* _WHAT TO WORK ON_: No pictures belong in the copy. Retype exactly, and only, the stretch of lines below from the one with "Giống cỏ sữa NLT 01 (Đơn 40 Hom)" through the one with "<h4>BRASSICA (SIERKOOL)</h4>".

* _SUPPLIED DATA_:
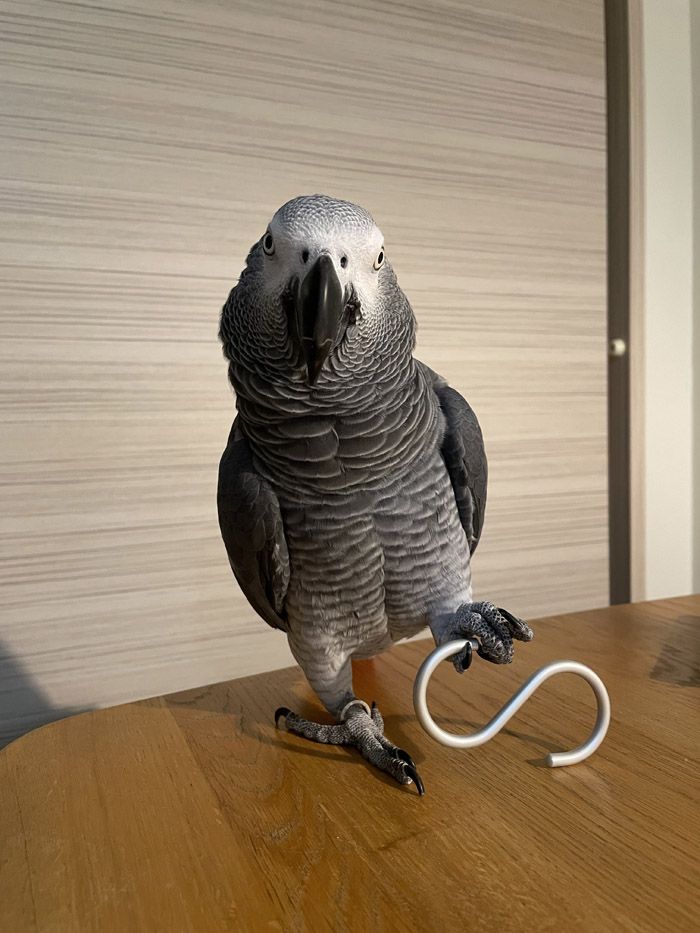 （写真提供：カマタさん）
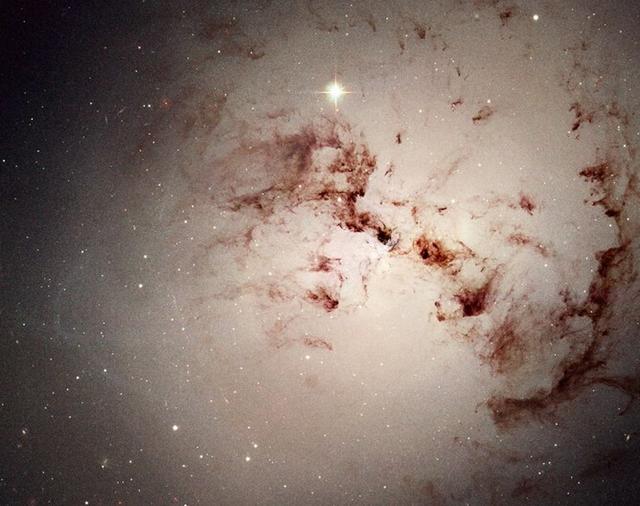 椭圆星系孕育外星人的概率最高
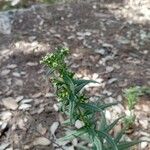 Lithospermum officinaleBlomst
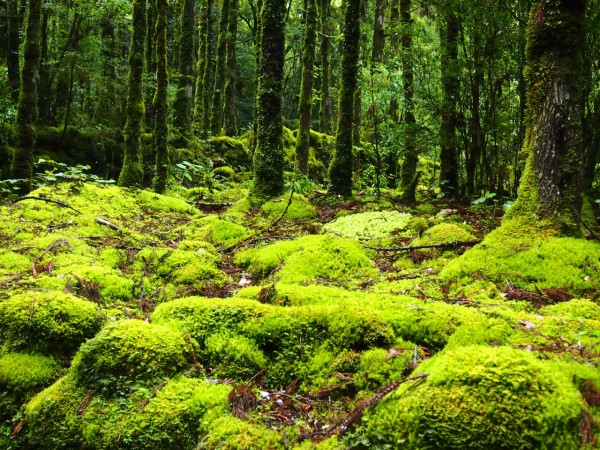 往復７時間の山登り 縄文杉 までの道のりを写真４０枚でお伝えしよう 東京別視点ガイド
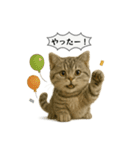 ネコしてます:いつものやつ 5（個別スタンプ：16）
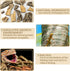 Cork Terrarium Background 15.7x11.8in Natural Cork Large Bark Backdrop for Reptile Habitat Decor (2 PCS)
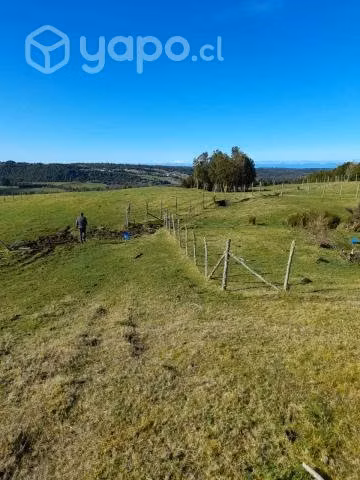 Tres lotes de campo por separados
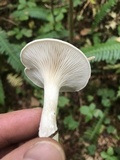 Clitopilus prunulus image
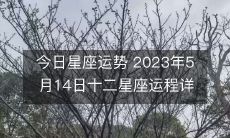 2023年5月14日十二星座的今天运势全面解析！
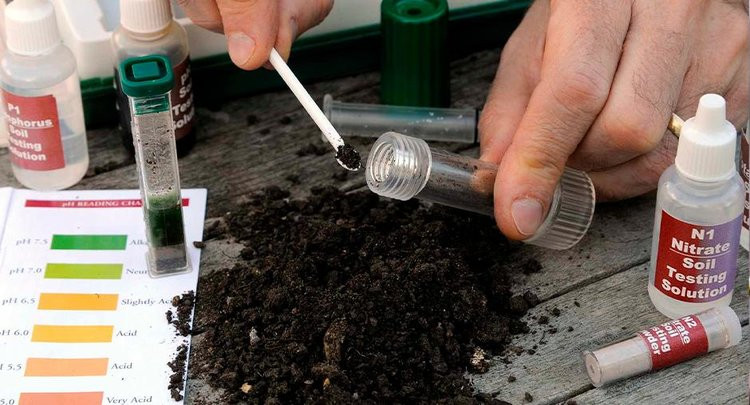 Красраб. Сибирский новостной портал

---

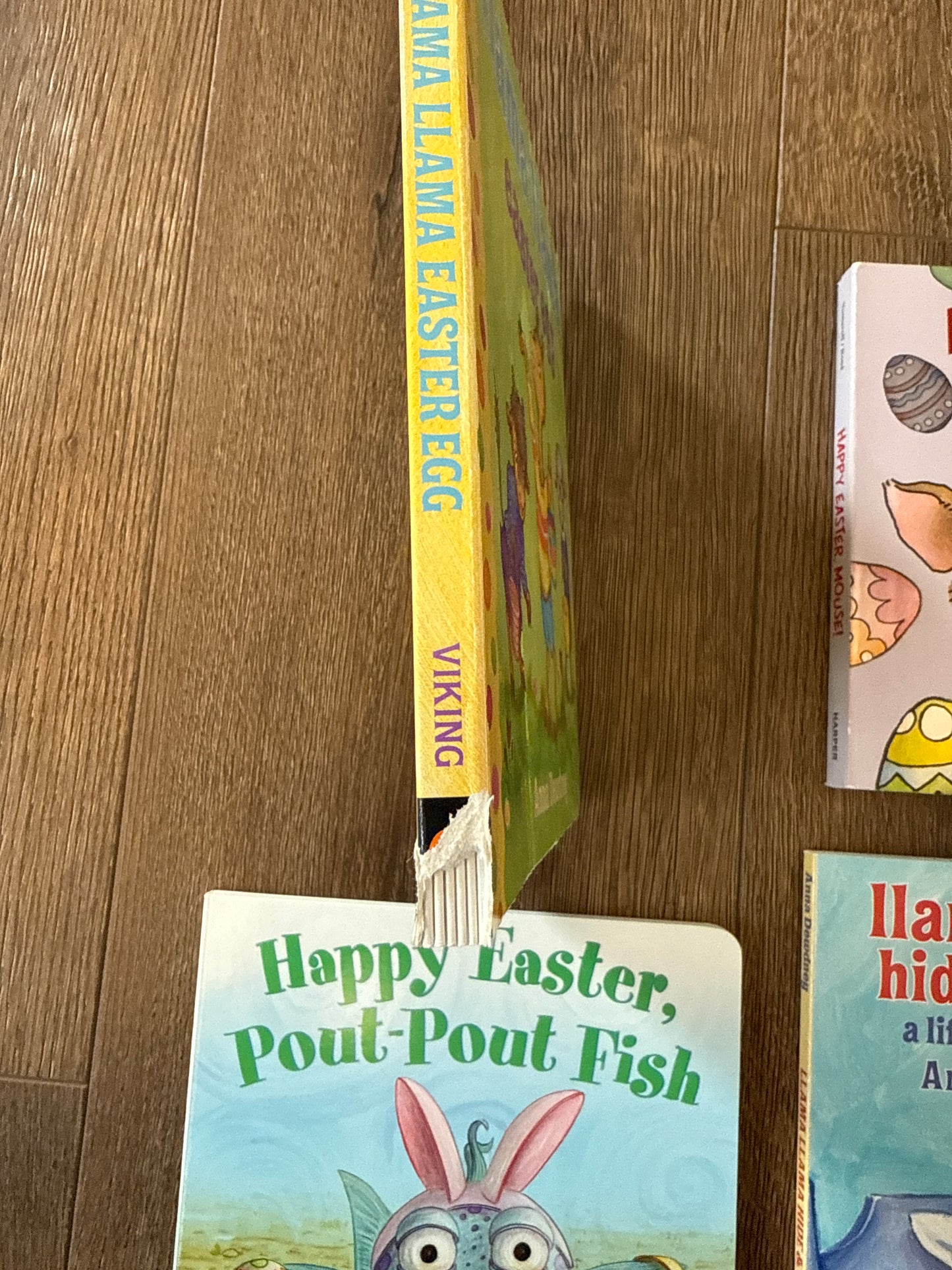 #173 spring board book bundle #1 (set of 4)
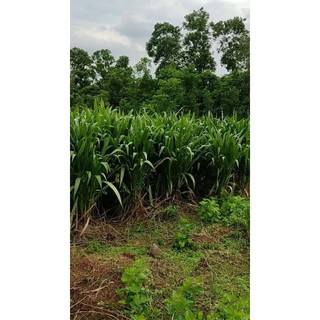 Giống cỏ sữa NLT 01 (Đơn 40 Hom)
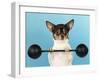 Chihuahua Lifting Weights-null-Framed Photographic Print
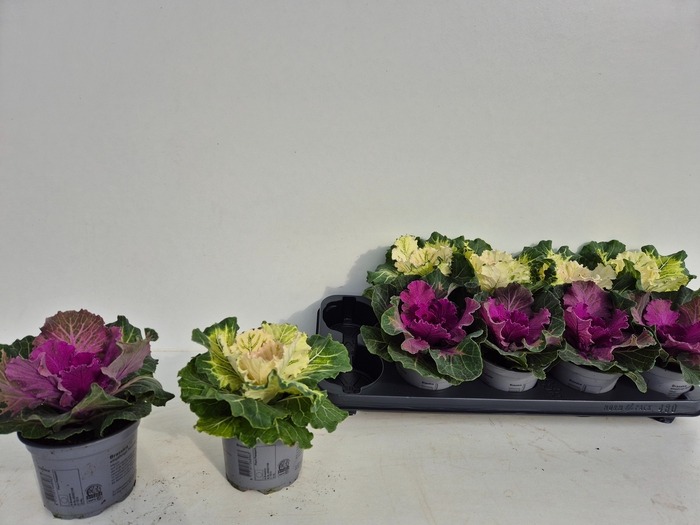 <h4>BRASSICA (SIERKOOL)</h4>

* _EXPECTED ANSWER_:
 Giống cỏ sữa NLT 01 (Đơn 40 Hom)
 Chihuahua Lifting Weights-null-Framed Photographic Print
 <h4>BRASSICA (SIERKOOL)</h4>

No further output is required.